The Federal Government of Nigeria, through the Debt Management Office, has opened a new offer for subscription of its Savings Bonds, providing banks, institutional investors, and individuals an opportunity to earn attractive returns while boosting liquidity.
According to the document filed on its website on Monday, the two-year FGN Savings Bonds, due September 10, 2027, carry an interest rate of 15.541 per cent per annum, while the three-year bond, maturing on September 10, 2028, offers 16.541 per cent per annum. Interest payments will be made quarterly on March 10, June 10, September 10, and December 10 each year.
The bonds, which are sold in units of N1,000, have a minimum subscription of N5,000 and a maximum of N50,000,000 per investor. Redemption is structured as a bullet payment on the maturity date, providing investors with a lump sum at the end of the investment term.
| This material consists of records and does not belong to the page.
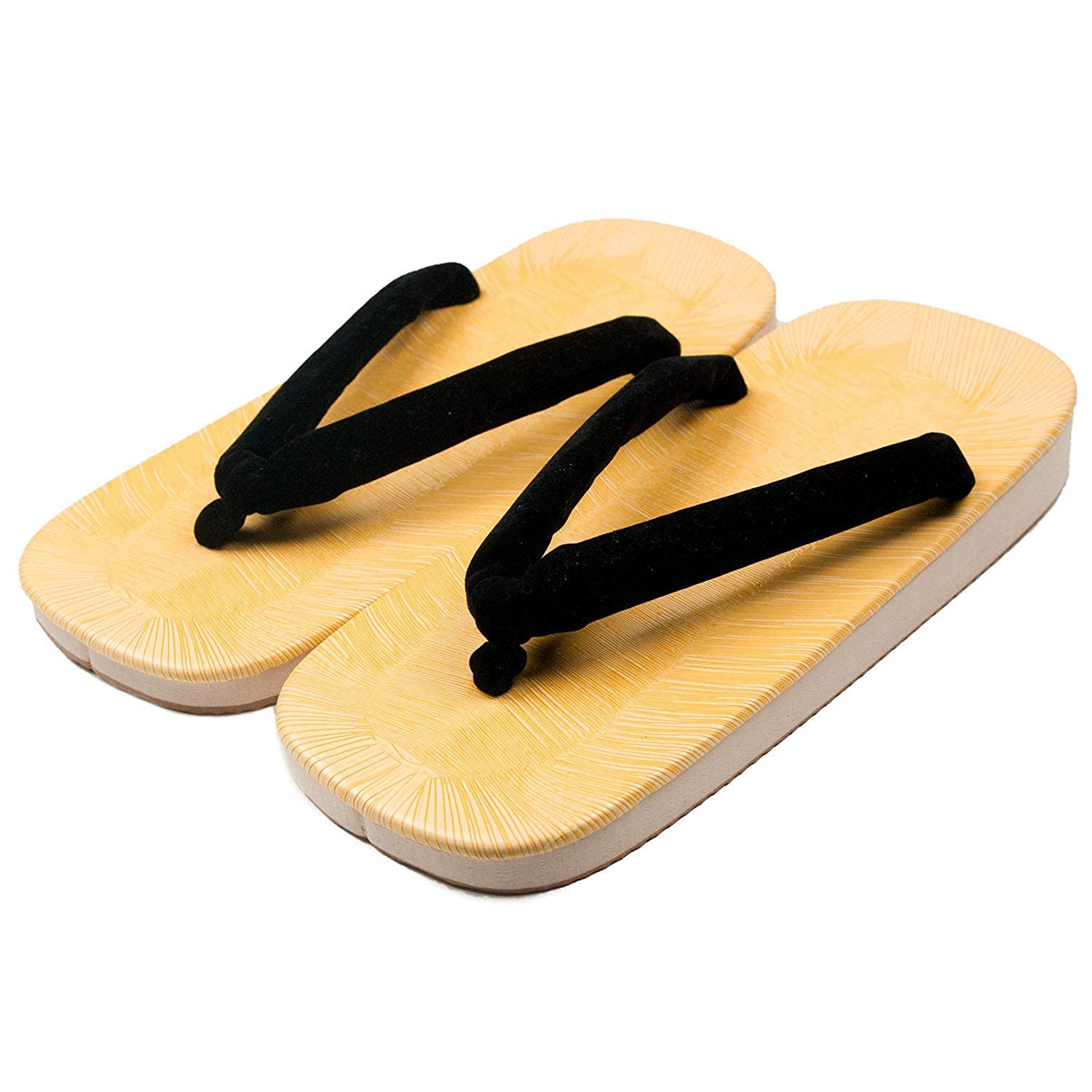 KYOETSUMen's Cushion Gum Rubber Setta Geta for Kimono and Yukata 25 cm - 28 cm (8 US(26cm), Black)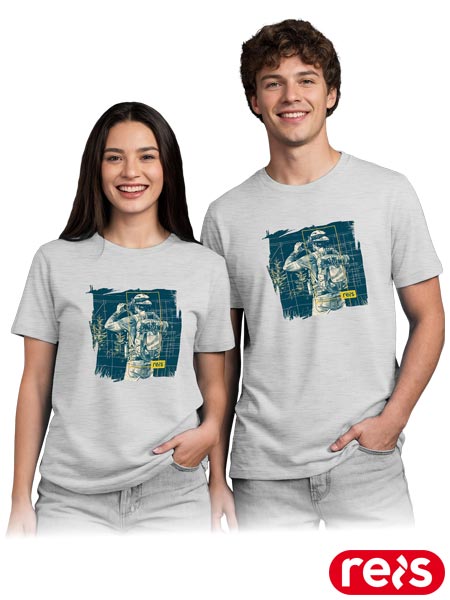T-shirt PRINT z nadrukiem turysta TR-PRINT-S4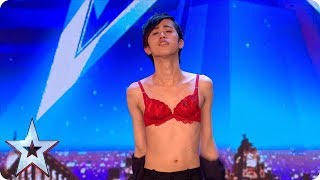 ⁣Watch Sora’s clothes magically DISAPPEAR ! | Auditions | BGT 2018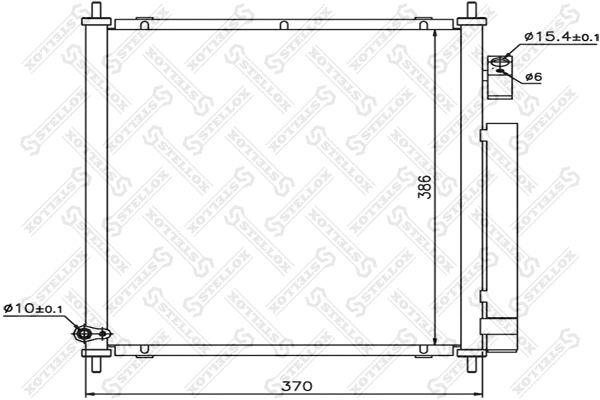 Condenser, air conditioning (10-45431-SX)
According to the DMO, the bonds qualify as government securities for tax exemption purposes under the Company Income Tax Act and Personal Income Tax Act, making them suitable for pension funds and other institutional investors. They also qualify as liquid assets for banks in calculating liquidity ratios and are listed on the Nigerian Exchange Limited.
The FGN Savings Bonds are backed by the full faith and credit of the Federal Government and charged upon the general assets of Nigeria, offering a secure investment option for those looking to earn competitive returns while supporting national development.
Applications opened on September 1, 2025, and will close on September 5, 2025, with settlement scheduled for September 10, 2025.
The PUNCH reported that the Debt Management Office on Thursday announced an offering of N200bn savings bonds. According to the offer document on its website, one of the bonds was a reopening of the June 2032 bond with the coupon rate of 17.95 per cent.